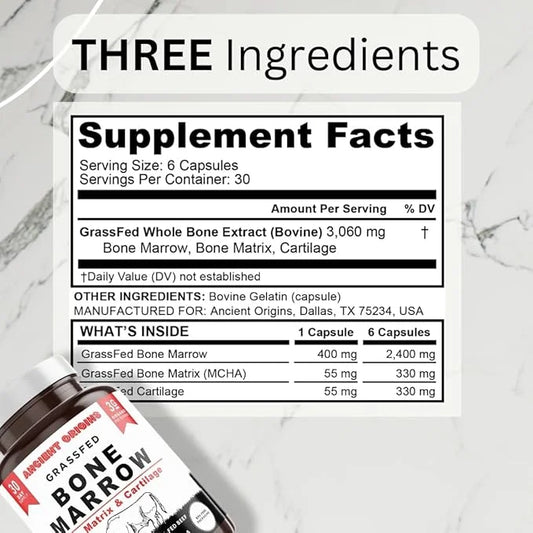 Ancient Origins Grass Fed Bone Marrow Supplement, 3060mg, Skin, Oral Health, and Joint Support Supplement, Promotes Whole-...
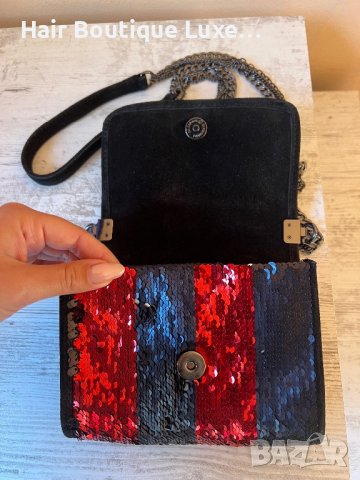 ZARA малка чанта с пайети,която си сменя цвета! 🤍❤️🖤🤍❤️🖤, снимка 6 - Чанти - 43845273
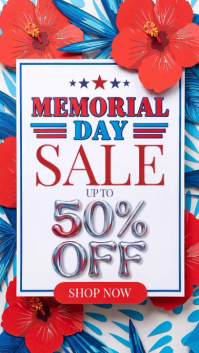 White Floral Memorial Day Sale Instagram Reel Video template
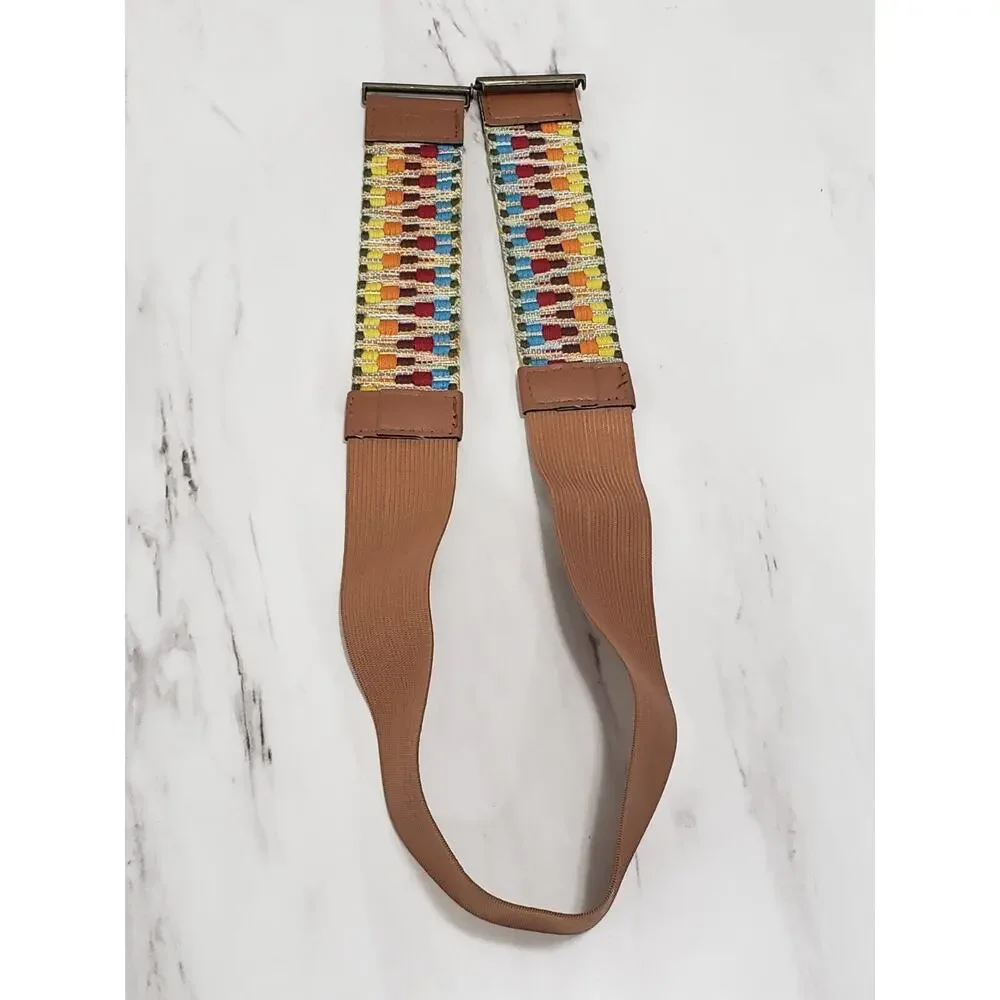 Rainbow‎ Embroidered Vintage Leather Stretch Brown Belt
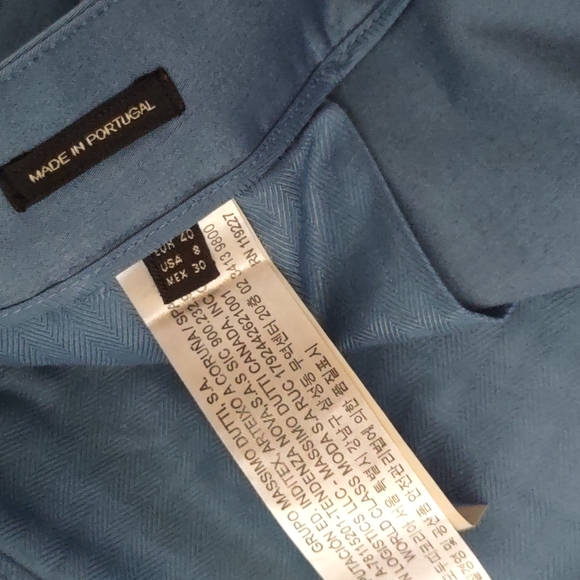 Massimo Dutti Blue Chino Slacks Pants Ankle Women's 8 New Hand Pockets 28"   L - Picture 7 of 8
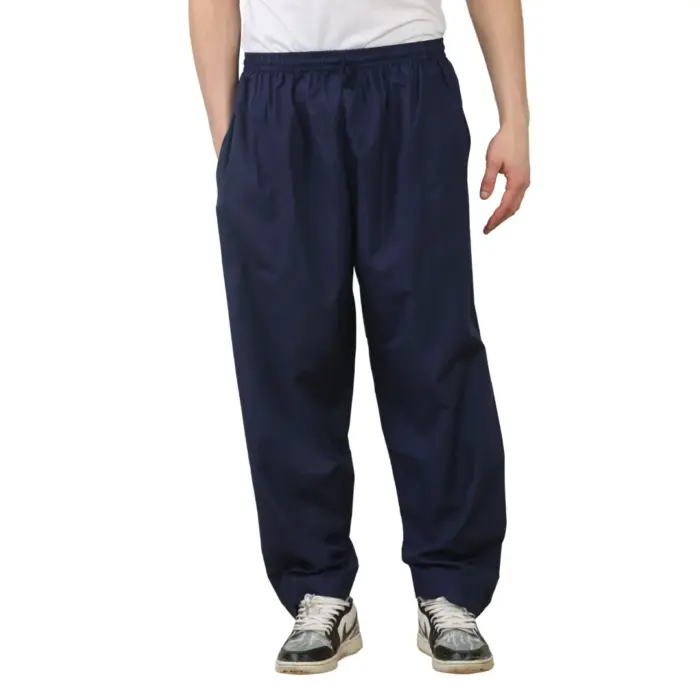 Men's Navy Comfort Thobe Trousers Pants Lounge Elasticated Zip Pockets Premium Quality - Image 1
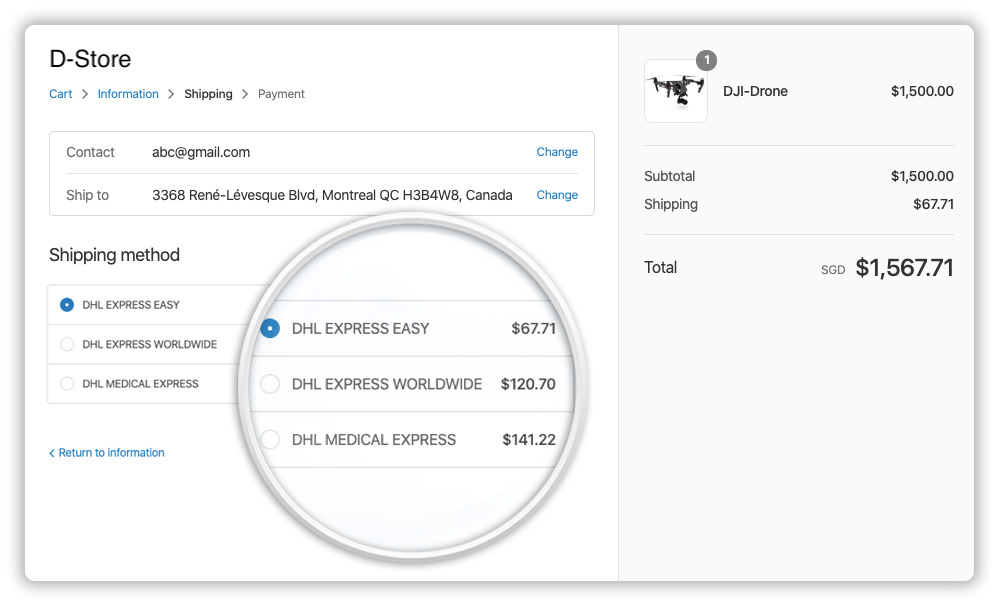 Live DHL Rates at Checkout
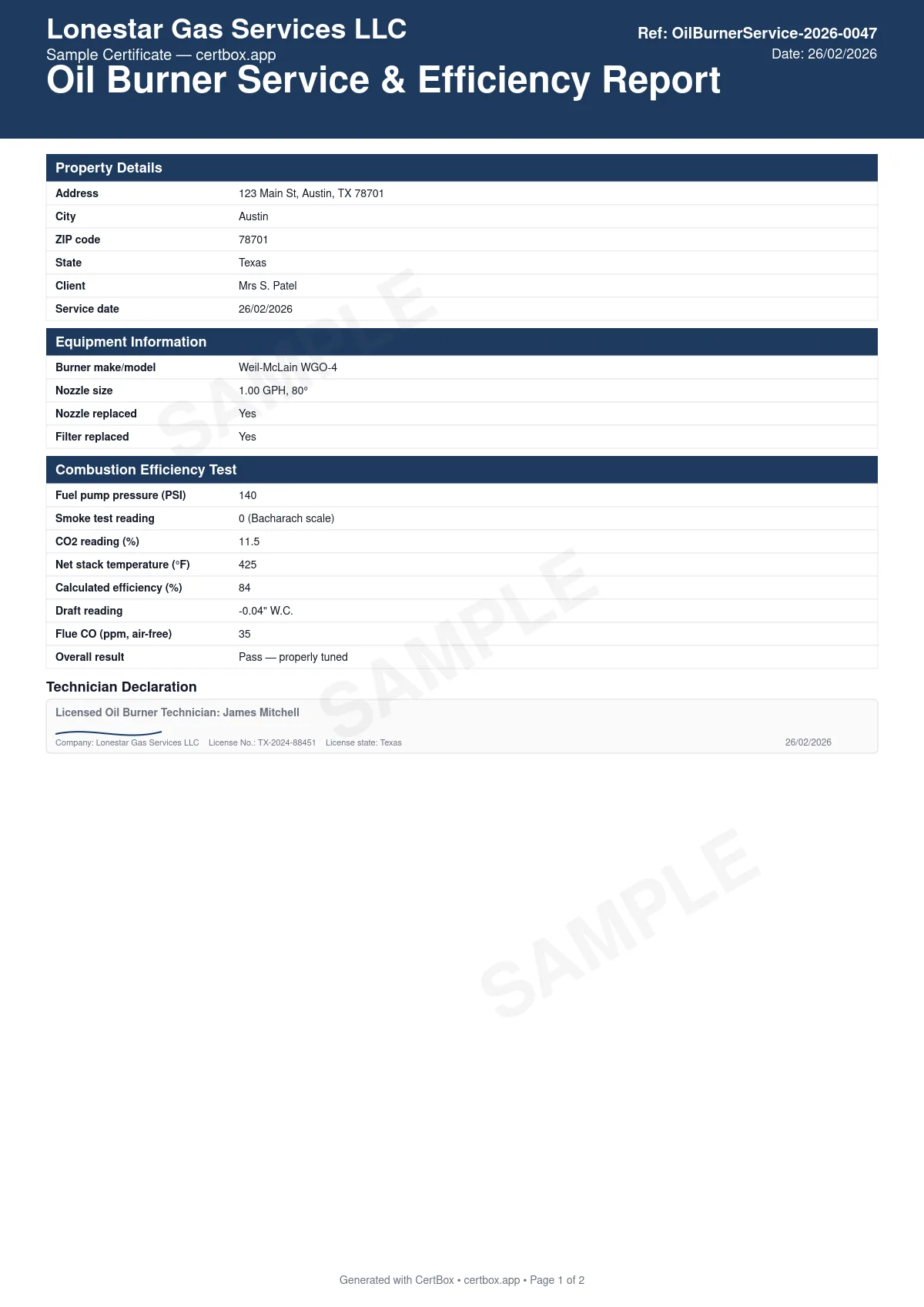 Sample Oil Burner Service & Efficiency Report certificate created with CertBox, showing the professional PDF layout with nozzle, filter and strainer service, electrode and pump pressure check, combustion readings (co2/o2, stack temp, smoke)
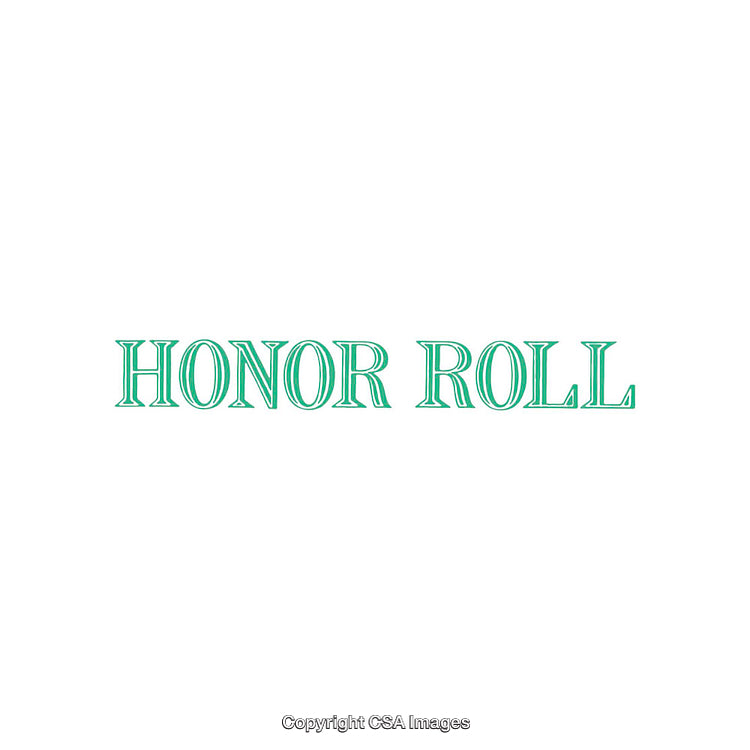 Green Honor Roll Text on White Background with Bold Typeface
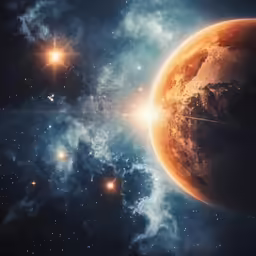 a star in the middle of space is depicted as the earth and stars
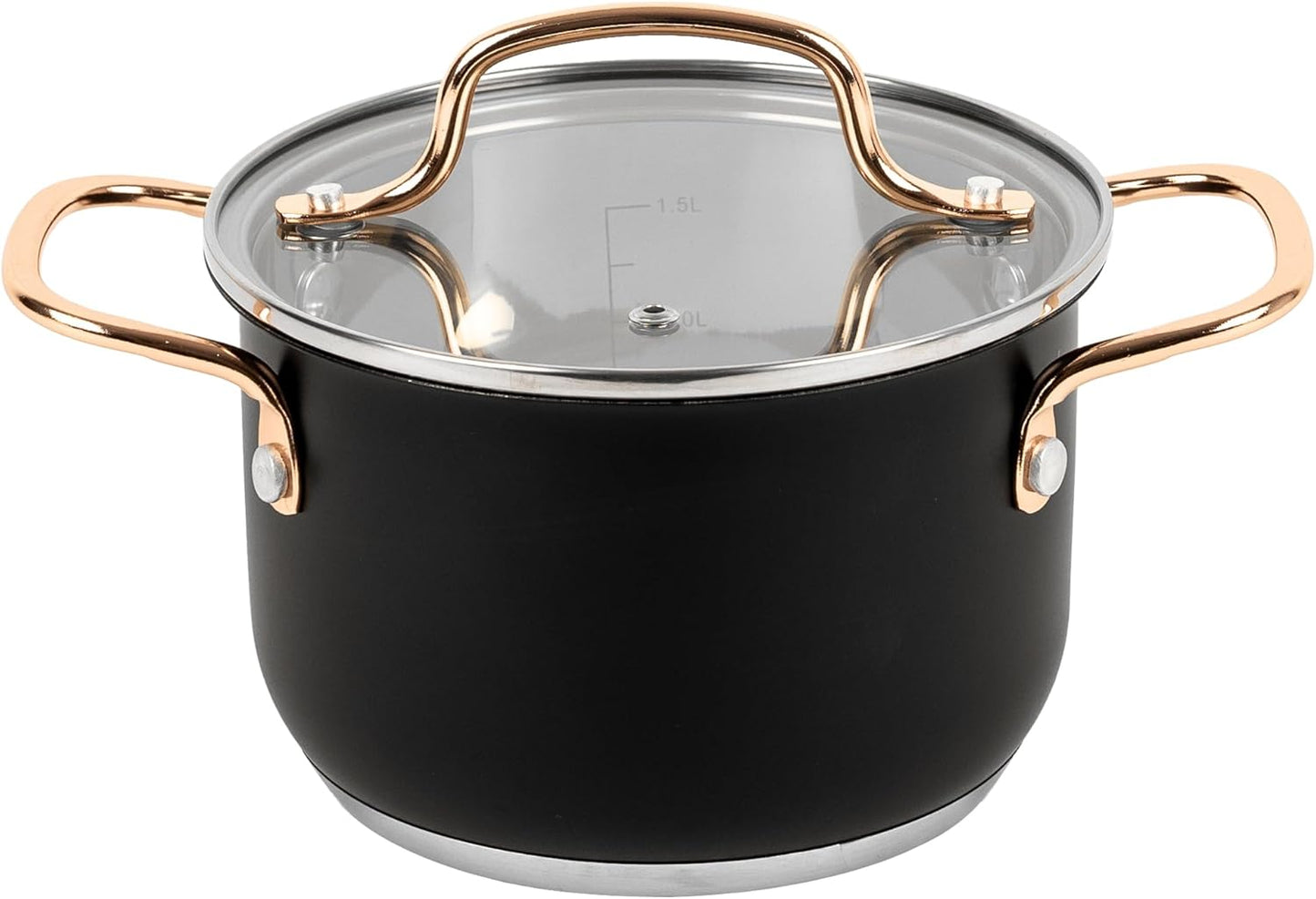 Topfset schwarz,  Edelstahl 3-Teilig für alle Herdarten.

——

- TASK GOAL
Output the entries exactly and keep every picture out of them.

- YOUR SOLUTION
 Ancient Origins Grass Fed Bone Marrow Supplement, 3060mg, Skin, Oral Health, and Joint Support Supplement, Promotes Whole-...
 ZARA малка чанта с пайети,която си сменя цвета! 🤍❤️🖤🤍❤️🖤, снимка 6 - Чанти - 43845273
 White Floral Memorial Day Sale Instagram Reel Video template
 Rainbow‎ Embroidered Vintage Leather Stretch Brown Belt
 Massimo Dutti Blue Chino Slacks Pants Ankle Women's 8 New Hand Pockets 28"   L - Picture 7 of 8
 Men's Navy Comfort Thobe Trousers Pants Lounge Elasticated Zip Pockets Premium Quality - Image 1
 Live DHL Rates at Checkout
 Sample Oil Burner Service & Efficiency Report certificate created with CertBox, showing the professional PDF layout with nozzle, filter and strainer service, electrode and pump pressure check, combustion readings (co2/o2, stack temp, smoke)
 Green Honor Roll Text on White Background with Bold Typeface
 a star in the middle of space is depicted as the earth and stars
 Topfset schwarz,  Edelstahl 3-Teilig für alle Herdarten.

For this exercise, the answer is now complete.